La soberbia también nos desgasta…

La soberbia es entrópica y desperdicia mucha energía en sí misma, lo que hace que sus proyectos no sean sustentables. Por ejemplo, el proyecto de la revolución ciudadana ha sido entrópico y ha dilapidado la energía económica, psíquica, espiritual, lo que ha representado una vorágine que no va más allá del agotamiento de su propuesta misma.

¿Y son necesarios los pequeños actos de soberbia?
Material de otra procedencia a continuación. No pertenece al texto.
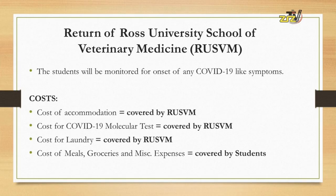Now let's speak a little bit about the cost of this exercise. The cost of accommodation for the 14-day period while on dorm on the RUSVM campus is covered totally by the Ross University School of Veterinary Medicine.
No solo es necesaria sino indispensable una buena autoestima. Esta defiende los valores y la entidad de la propia persona para que no pierda su autoafirmación. También, es necesario en la vida el sano orgullo, el del humano que pone un alto precio a sus valores y actuaciones. Si alguien no valora su propio trabajo y lo regala, nadie lo va a valorar.